Part I then considers how the Court’s application of the territorial incorporation doctrine has departed from its sibling project: state incorporation of constitutional rights. The territorial incorporation doctrine is territory-specific, considering the factual background of the territory where the right may be incorporated.
As a result, it is fruitful to compare state and territorial incorporation through the lens of Puerto Rico, which, despite its extensive colonial history and integration of Anglo-American common law features,
still features a glaring incorporation gap: the Sixth Amendment criminal jury trial right. And while the incorporation gap has remained static in recent years, recent case law suggests that the Seventh Amendment may be incorporated against the states,
which would only further widen the incorporation gap. Thus, Part I moves on to evaluate the jury trial right in Puerto Rico and in the states today.

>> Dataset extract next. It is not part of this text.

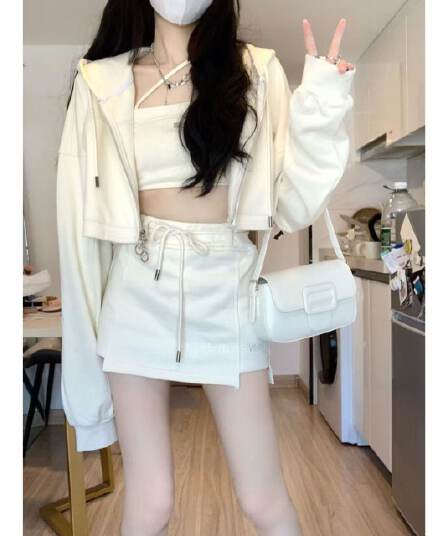 후아 면 복합 소금 부서 명문 여성 후드 세트 드레스 봄 새로운 달콤한 핫걸 순수한 욕망 바람 3종 세트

Part II details how the incorporation gap, and specifically the denial of jury trial rights, adversely affects Puerto Rican residents. In civil cases, plaintiffs are more likely to receive favorable results—such as larger awards and punitive damages—in front of a jury; therefore, the inability to present a civil case to a jury leads to unequal and worse outcomes.
Furthermore, the Puerto Rican Constitution guarantees only an incomplete right to a criminal jury trial: Only nine of twelve jurors are required to render a guilty verdict.
While the Puerto Rican Supreme Court has tried to artificially incorporate the Sixth Amendment’s unanimity right into territorial jurisprudence,
the lack of territorial incorporation of the Sixth Amendment leaves criminal defendants’ liberty interests at risk, even when a quarter of the jury believes them to be not guilty.
Part III argues that the solution is a clear statement from the Supreme Court incorporating jury trial rights against Puerto Rico. While overturning the Insular Cases may be a more direct path to constitutional equality for Puerto Ricans and other residents of the unincorporated territories, the Court does not have to unravel the Insular Cases to hold that jury trial rights apply to Puerto Rico. Instead, the Court could take this small step toward constitutional equality in the territories by taking the Insular Cases and their progeny on their face and applying the two relevant legal standards—“fundamental” and “impracticable and anomalous”—to the Seventh Amendment jury trial right in Puerto Rico.
In sum, this Note argues that the Insular Cases themselves provide the opportunity to move toward constitutional equality in Puerto Rico, despite the attempts of Congress and the Court to relegate Puerto Ricans to second-class status. To make its argument, this Note will evaluate American influence on the Puerto Rican legal system, consider Puerto Rican legal history from before the Spanish–American War to the present, and conclude that Puerto Ricans (almost all of whom are U.S. citizens
) are and always have been worthy of the right to jury trials. While this solution would not disturb the larger constitutional relationship between the United States and Puerto Rico—a relationship that must also be reevaluated—it would help bridge constitutional inequality in Puerto Rico and potentially all of the unincorporated territories.